El sábado, ya sin lagañas, empieza en la plaza del pueblo donde paso mucho tiempo, Hitchin, a media hora de nuestro campo en Biggleswade. Quedo sobre las once a hacer un café con el entrenador del primer equipo de chicos, Cristian, que seguramente quiere olvidarse del partido que le ocupará todo el día (y si se pierde, el día siguiente también). Pero como él dice, soy como el abuelo con un nieto: quiero tanto al club que no puedo dejarlo quieto. Le pregunto por la semana, si todos los convocados están listos o alguno ha caído en el agujero del viernes por la noche. En realidad, lo que quiero saber es el once. Al final, como siempre, tengo que preguntar, porque el míster no lo ofrece voluntariamente. Está convencidísimo de la elección y yo siempre tengo dudas, y se las planteo. No he forzado nunca un cambio en el once, pero cuestionar al entrenador es otra manera de conocer su proceso de decisión. Me cuenta cosas de vestuario y nos acabamos el café.
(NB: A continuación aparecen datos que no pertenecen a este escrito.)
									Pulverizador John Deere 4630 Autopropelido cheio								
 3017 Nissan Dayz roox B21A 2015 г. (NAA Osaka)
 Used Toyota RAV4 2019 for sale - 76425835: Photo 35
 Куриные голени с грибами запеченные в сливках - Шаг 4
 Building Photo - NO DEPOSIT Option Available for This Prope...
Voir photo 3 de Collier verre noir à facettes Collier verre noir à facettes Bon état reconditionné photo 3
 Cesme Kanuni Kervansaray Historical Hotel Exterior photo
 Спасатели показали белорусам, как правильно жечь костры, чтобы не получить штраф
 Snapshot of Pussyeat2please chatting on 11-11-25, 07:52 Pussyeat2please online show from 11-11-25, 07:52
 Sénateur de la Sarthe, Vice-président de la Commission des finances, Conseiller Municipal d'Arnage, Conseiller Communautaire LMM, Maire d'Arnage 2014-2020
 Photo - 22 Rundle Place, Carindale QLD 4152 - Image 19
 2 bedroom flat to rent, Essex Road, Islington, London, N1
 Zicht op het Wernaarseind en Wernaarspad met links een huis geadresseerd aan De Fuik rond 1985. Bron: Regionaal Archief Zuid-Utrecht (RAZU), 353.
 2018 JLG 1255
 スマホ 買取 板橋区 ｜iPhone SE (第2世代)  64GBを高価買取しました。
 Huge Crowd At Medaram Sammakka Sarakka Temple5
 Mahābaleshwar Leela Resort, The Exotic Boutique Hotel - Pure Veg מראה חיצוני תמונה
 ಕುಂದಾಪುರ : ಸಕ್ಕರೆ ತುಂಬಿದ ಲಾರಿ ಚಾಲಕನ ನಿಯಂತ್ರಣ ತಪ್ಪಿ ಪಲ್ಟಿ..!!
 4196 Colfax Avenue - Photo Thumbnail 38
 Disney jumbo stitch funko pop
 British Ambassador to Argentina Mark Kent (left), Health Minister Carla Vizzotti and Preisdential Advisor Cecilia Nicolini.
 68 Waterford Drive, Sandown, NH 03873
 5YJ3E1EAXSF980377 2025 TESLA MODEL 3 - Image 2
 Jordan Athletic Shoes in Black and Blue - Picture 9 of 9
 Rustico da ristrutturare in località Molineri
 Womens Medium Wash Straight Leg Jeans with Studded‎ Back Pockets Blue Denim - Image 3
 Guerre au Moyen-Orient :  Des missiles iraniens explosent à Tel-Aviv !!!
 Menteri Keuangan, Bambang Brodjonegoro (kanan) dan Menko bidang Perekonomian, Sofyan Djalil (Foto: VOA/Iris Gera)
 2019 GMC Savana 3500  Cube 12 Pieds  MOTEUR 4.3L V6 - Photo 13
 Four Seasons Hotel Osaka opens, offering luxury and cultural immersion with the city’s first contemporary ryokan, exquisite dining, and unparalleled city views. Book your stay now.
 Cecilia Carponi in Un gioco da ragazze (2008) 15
Vuelvo a casa, generalmente para coger un abrigo más grueso, siempre calculo mal las temperaturas. Llego a la sede del club sobre la una, media hora antes de que lo haga los convocados. Charlo con el señor que nos organiza los coches en el parking, Steve, un hombre que tuvo mejores épocas y que fue futbolista amateur, pero que se tropezó en la vida y ahora se conforma con formar parte de algo. A continuación, departo con Tracey, la secretaria y alma del club, que tiene preparada ya la comida post partido para los futbolistas, las pastitas y el té para la directiva rival y los árbitros, y que está sirviendo la cerveza a los madrugadores. Cuando llegan los árbitros, departo con ellos, me preparo el café y también a ellos. Si me conocen de la televisión, se les nota, y ahí me hago un poco más amigo. Hablamos de lo bien que jugamos, de lo mal que juegan otros, y siempre dejo caer que a los que hacen el esfuerzo de jugar bien hay que cuidarles. Eso nunca ha supuesto que nos regalen nada (somos el equipo de moda, el mediático, el que todos quieren batir y eso en ocasiones se vuelve en contra nuestra) pero me sirve saber si comparten mi manera de pensar.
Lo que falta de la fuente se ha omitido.